* _What this task involves_
Transcribe, word for word, every line from the one containing "2018 GMC Sierra 2500HD SLT" through the final line of the records, and omit the pictures.

* _Record extracts_
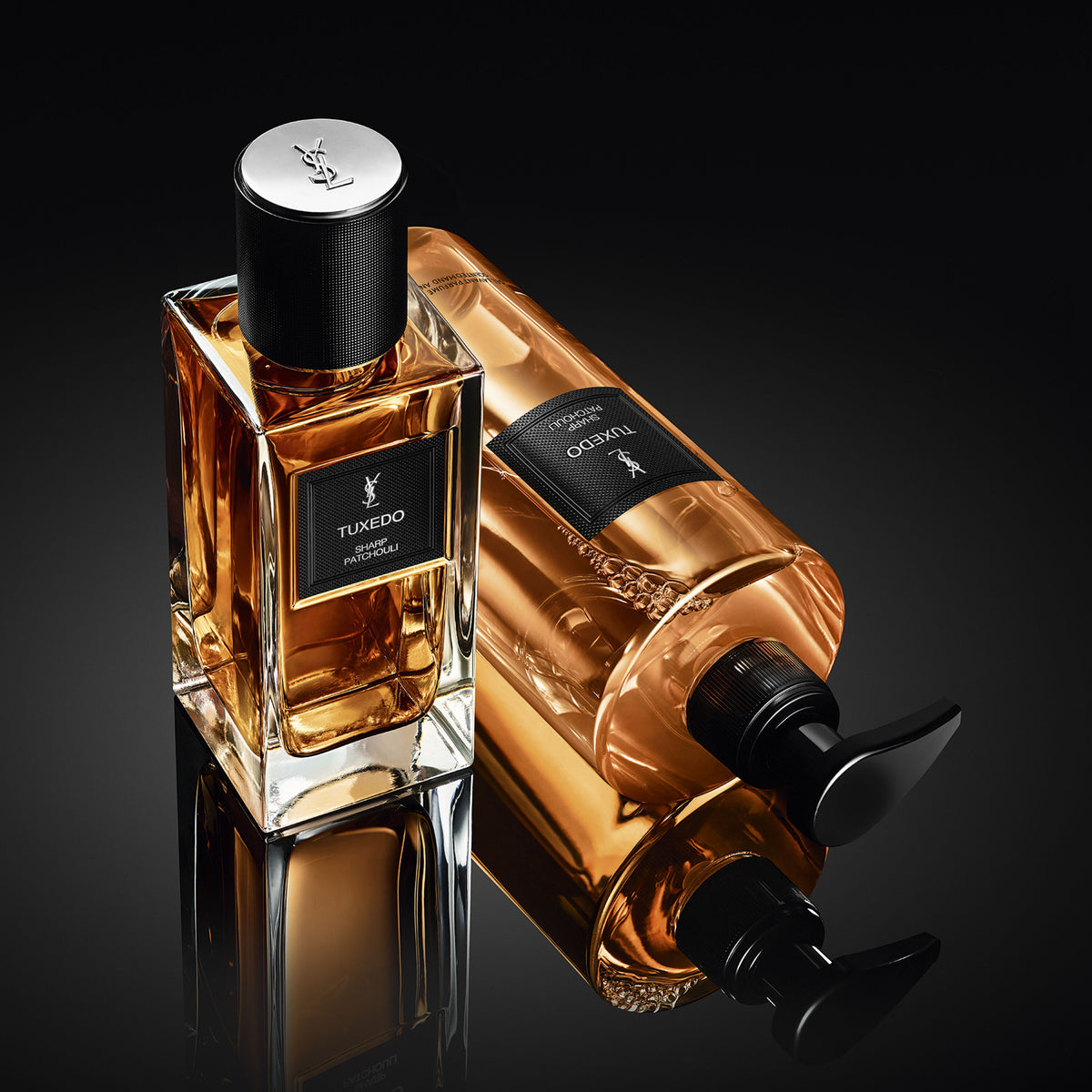 Yves Saint Laurent Tuxedo Body Wash - Le Vestiaire des Parfums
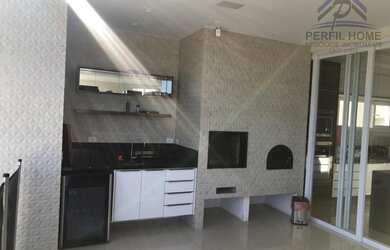 Imagem 2: Casa em Condomínio para Venda em Salvador, Alphaville II, 4 dormitórios, 3 suítes, 5 banhe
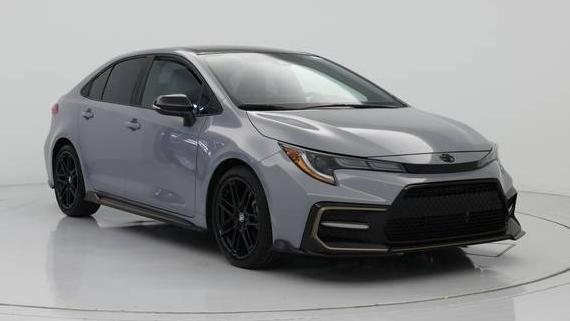 TOYOTA COROLLA 2022 5YFM4MCE2NP098501 image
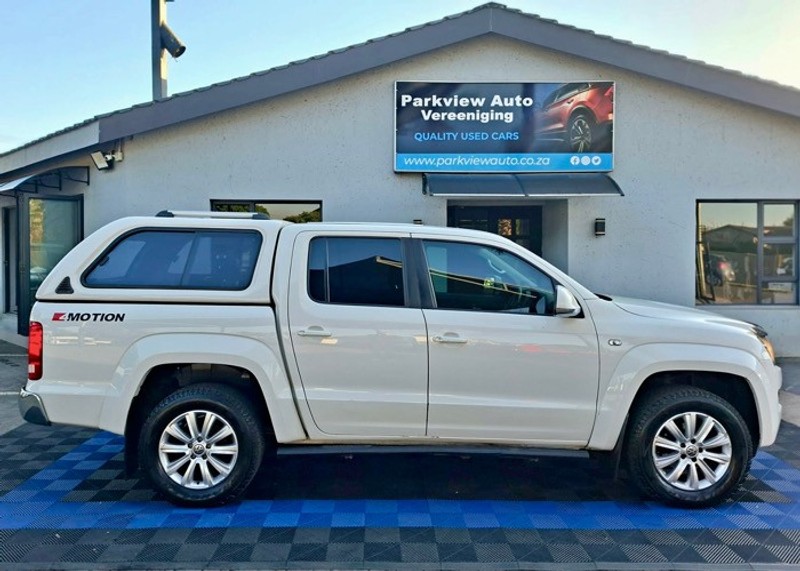 Volkswagen Amarok - Parkview Auto Vereeniging - Image 30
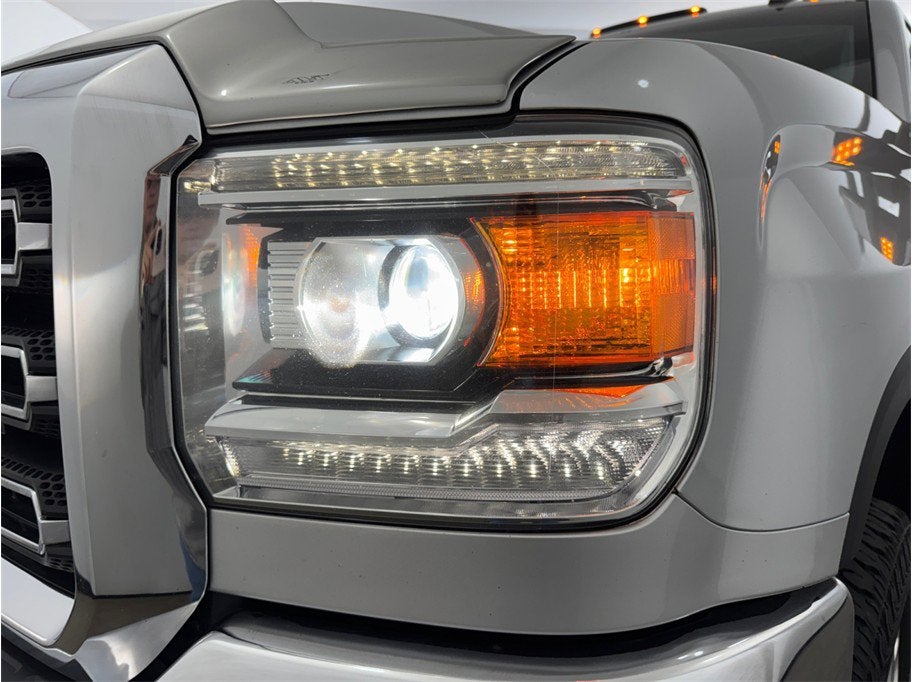 2018 GMC Sierra 2500HD SLT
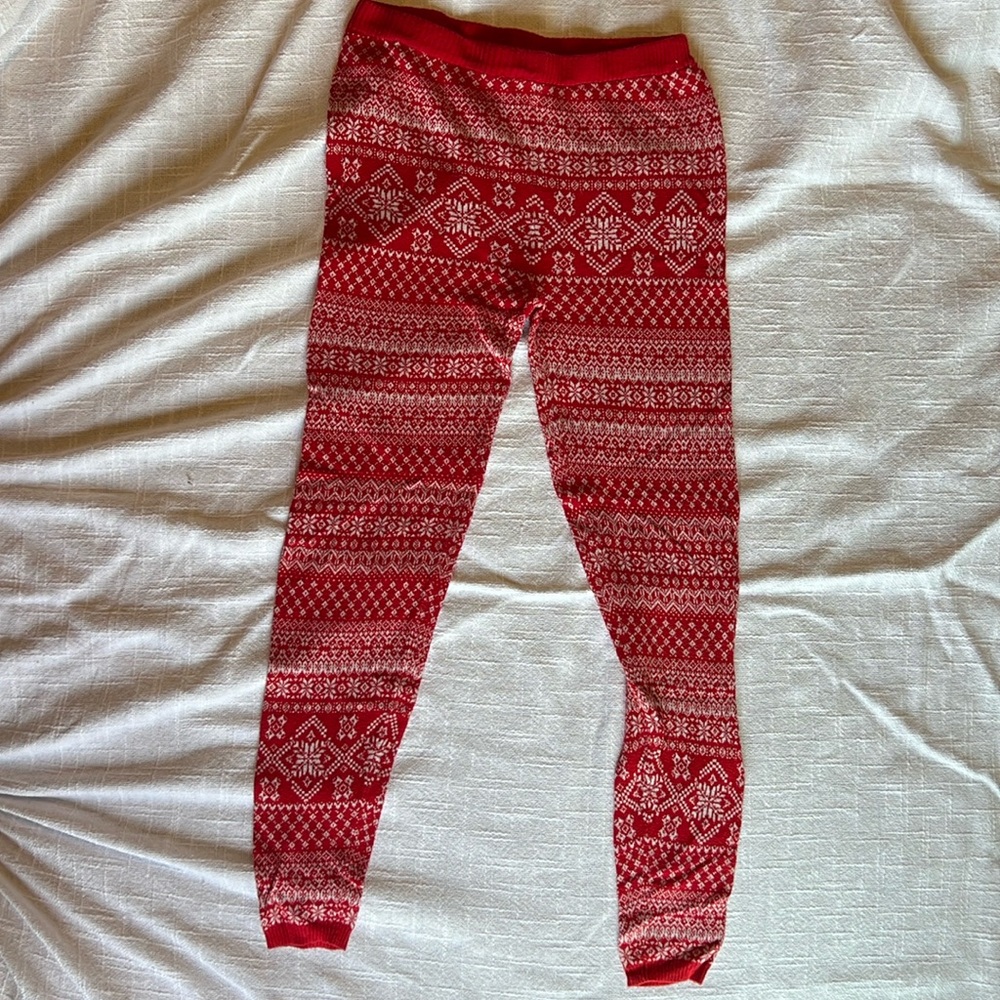 Christmas Leggings (Medium)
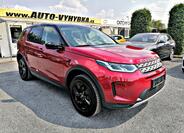 Land Rover Discovery Sport 4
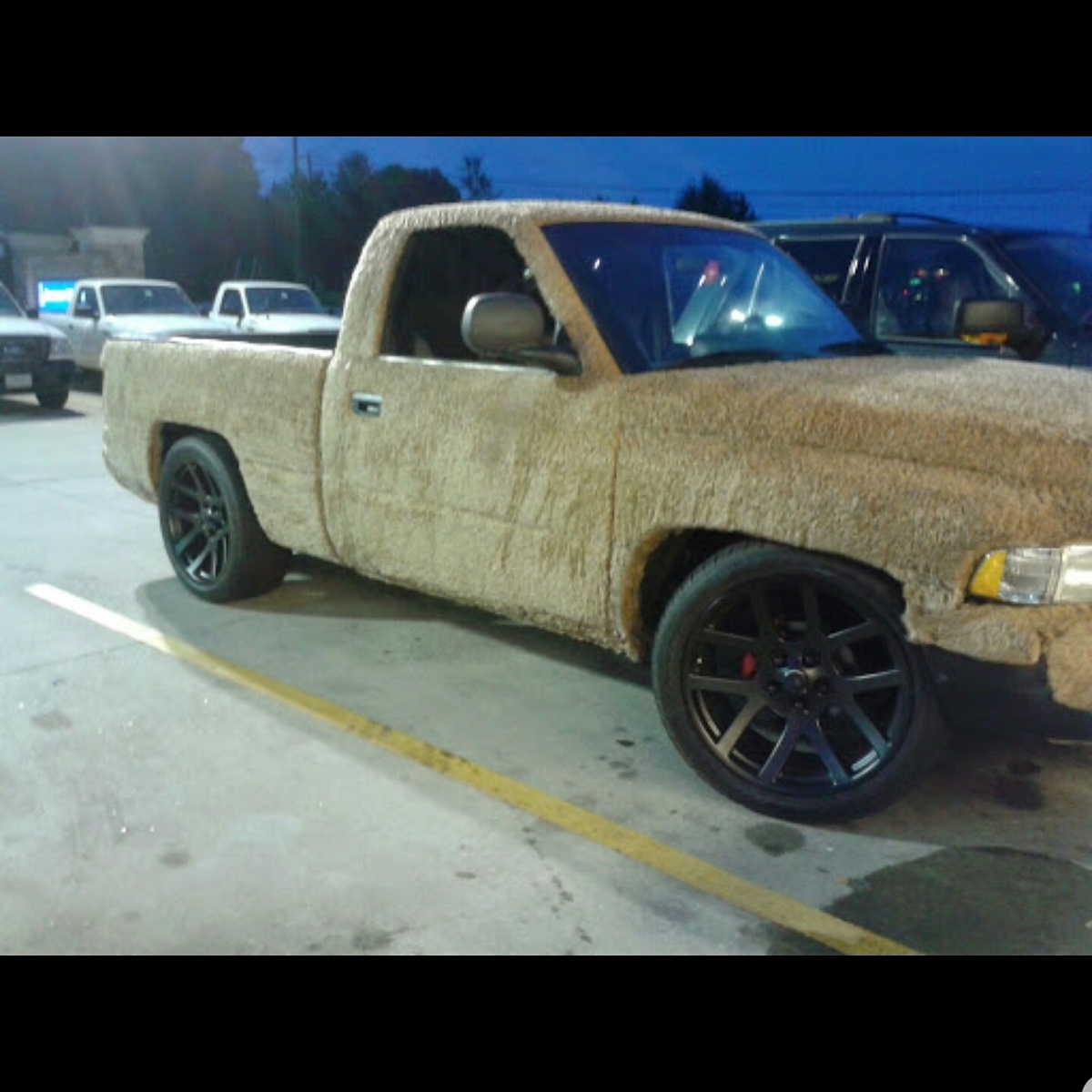 2007 dodge dakota stock rims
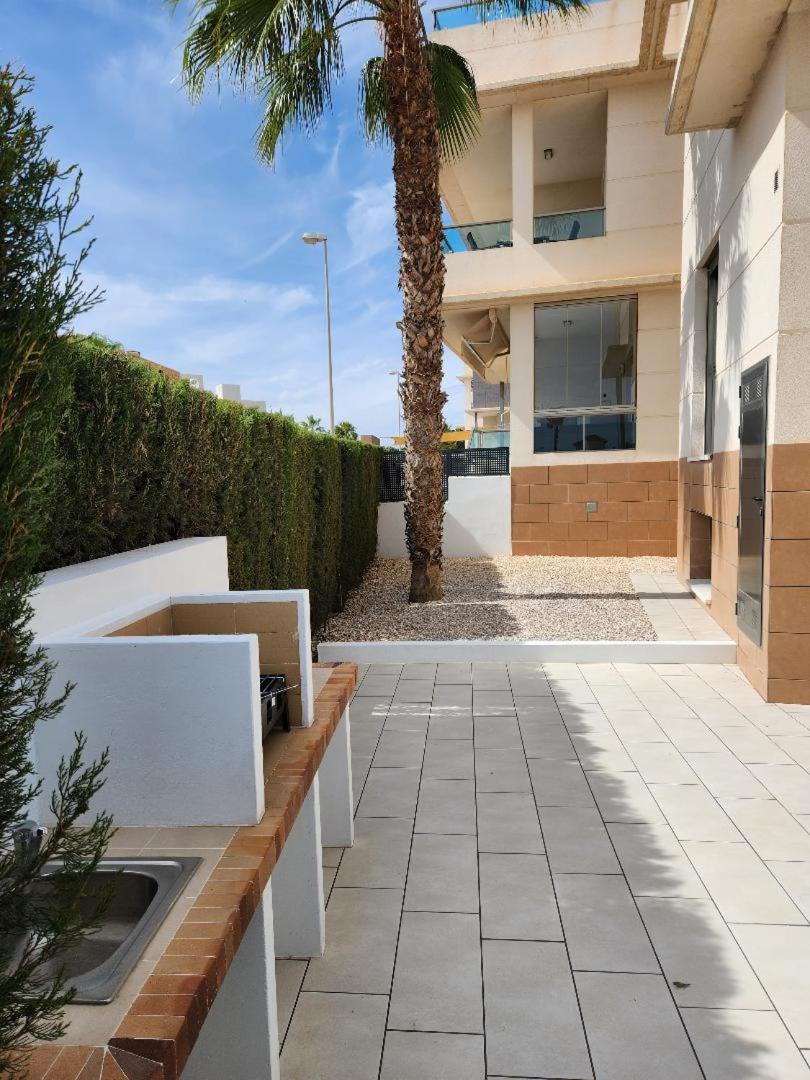 Casa Bekka Daire Ciudad Quesada Dış mekan fotoğraf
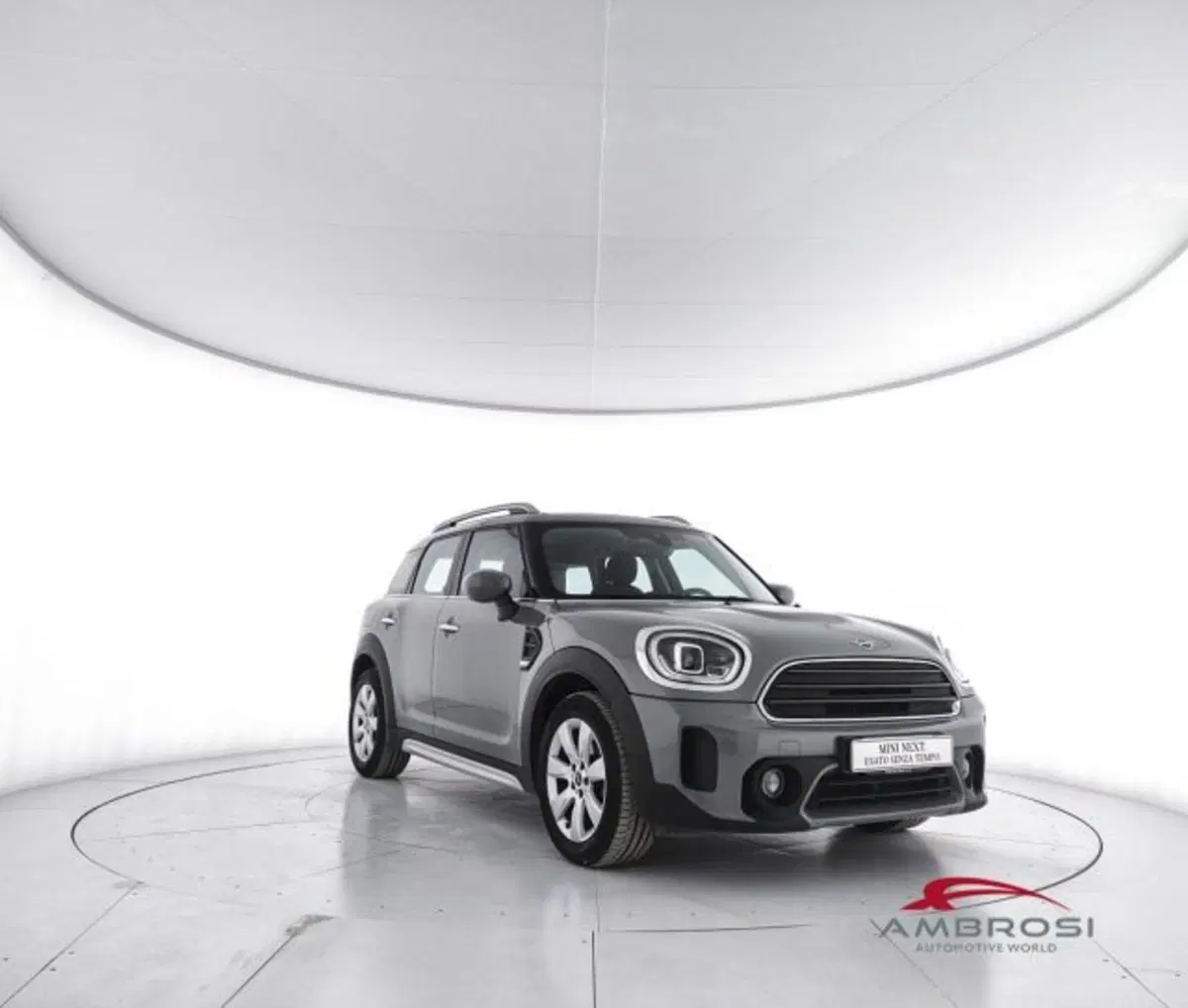 MINI Mini Countryman usata a Perugia (2)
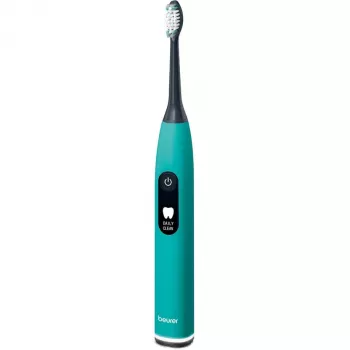 Escova de dentes elétrica sónica Beurer Ocean breeze SC50 SC50OCEAN com 3 modos de limpeza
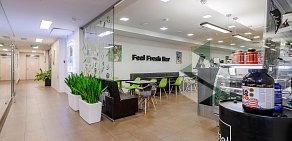 FEEL FRESH BAR на Парадной улице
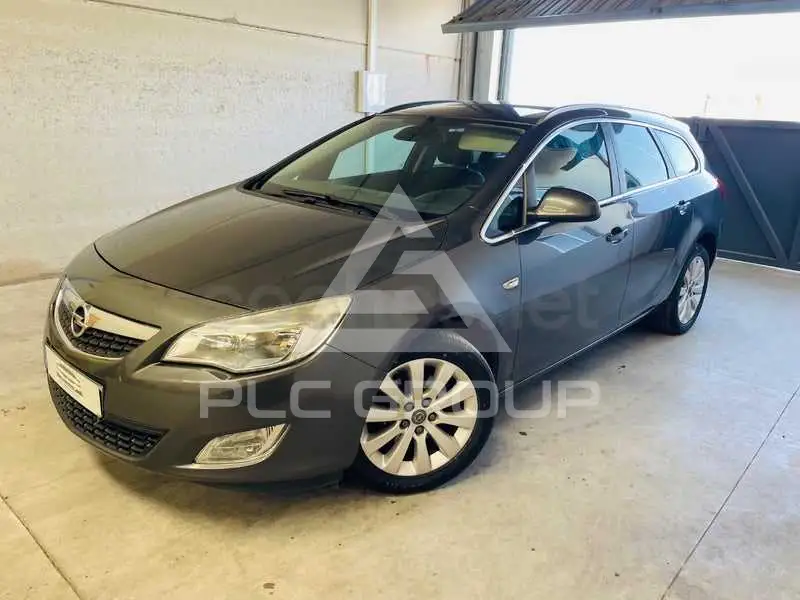 2012 Opel Astra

* _Result of the task_
 2018 GMC Sierra 2500HD SLT
 Christmas Leggings (Medium)
 Land Rover Discovery Sport 4
 2007 dodge dakota stock rims
 Casa Bekka Daire Ciudad Quesada Dış mekan fotoğraf
 MINI Mini Countryman usata a Perugia (2)
 Escova de dentes elétrica sónica Beurer Ocean breeze SC50 SC50OCEAN com 3 modos de limpeza
 FEEL FRESH BAR на Парадной улице
 2012 Opel Astra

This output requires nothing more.